Problem is, we’ve been giving Bon Jovi a pass for far too long. Ever since 2001’s Bounce, the quality of music the boys from the Garden State has waned and it’s been noticeable. Do we need to talk about the putrid This Left Feels Right, their re-interpretation of their greatest hits, or their foray into country music?

That’s why this lifelong Bon Jovi fan wasn’t rushing out to listen to or review the band’s new record, What About Now. The album’s lead single, “Because We Can,” wasn’t exactly inciting excitement — it was another ‘live life to the fullest’ anthem that seemed to lack any fire or emotion.
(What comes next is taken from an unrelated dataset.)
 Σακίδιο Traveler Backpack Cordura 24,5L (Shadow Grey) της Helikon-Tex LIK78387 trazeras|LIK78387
However, once you get past any reservations about the band and the new record’s lead single, you’ll realize that you don’t need to give Bon Jovi a pass anymore — they’ve created a solid record here.
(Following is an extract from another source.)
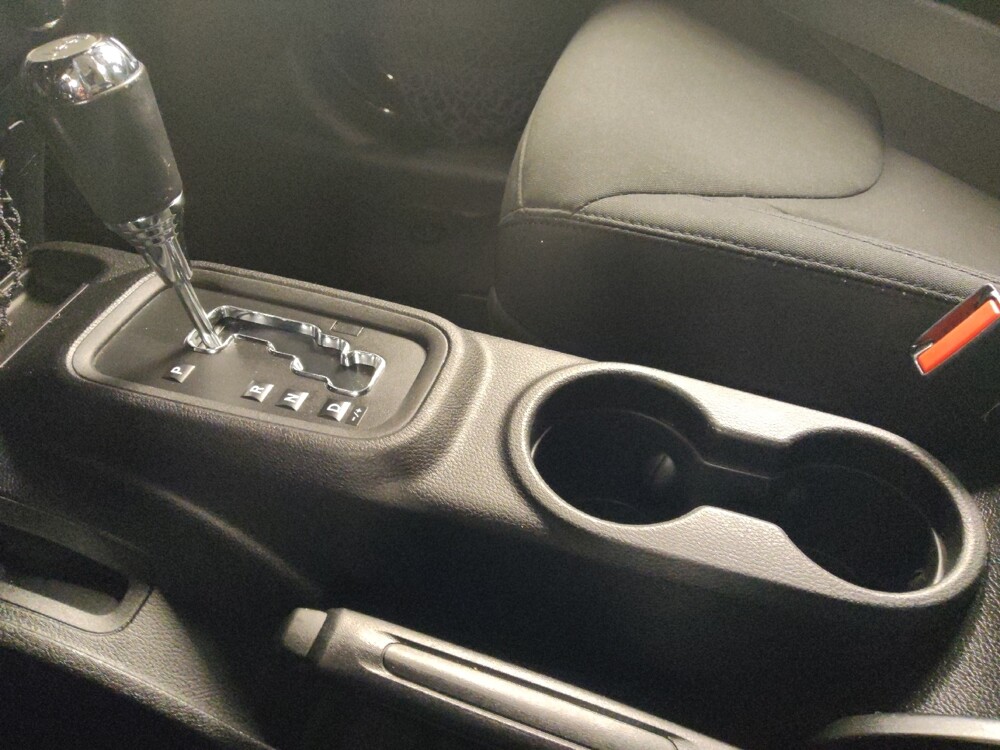 2014 Jeep Wrangler in San Antonio, TX 78238 - 18095075 26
That’s right, solid, not amazing. It seems as though we’re passed the days of Bon Jovi creating seminal records. We can look to Crush as the band’s last opus. Yes, some of you may laugh at that statement, but to Bon Jovi fans, that record — the band’s big comeback album — is by far one of their best works from start to finish.
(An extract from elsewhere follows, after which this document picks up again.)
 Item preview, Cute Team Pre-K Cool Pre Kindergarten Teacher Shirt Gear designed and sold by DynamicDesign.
What About Now, like any Bon Jovi work, is filled with big anthems, rife with Richie Sambora shredding, gang choruses and hands-in-the-air bravado. None of these tracks on What About Now really register in the same level as say “It’s My Life” or “Livin’ on a Prayer” and that’s okay. It’s better that the band has created a solid overall work as compared to a record with one or two memorable tracks, a trait all of their records post-Bounce have done.

If there is one stand-out song on What About Now, it’s “Amen.” This is a terrific, acoustic guitar and organ-driven piece. For the first time in what seems forever, Jon Bon Jovi stretches his vocals, reminding us that he can still reach the heights of heaven and damn it’s refreshing. In contrast to What About Now’s anthems, “Amen” could easily be included on the list of Bon Jovi’s best ballads of all-time.

In the end, if you’re a Bon Jovi fan and have been sorely disappointed with the band’s recent records, then you’ll definitely enjoy What About Now.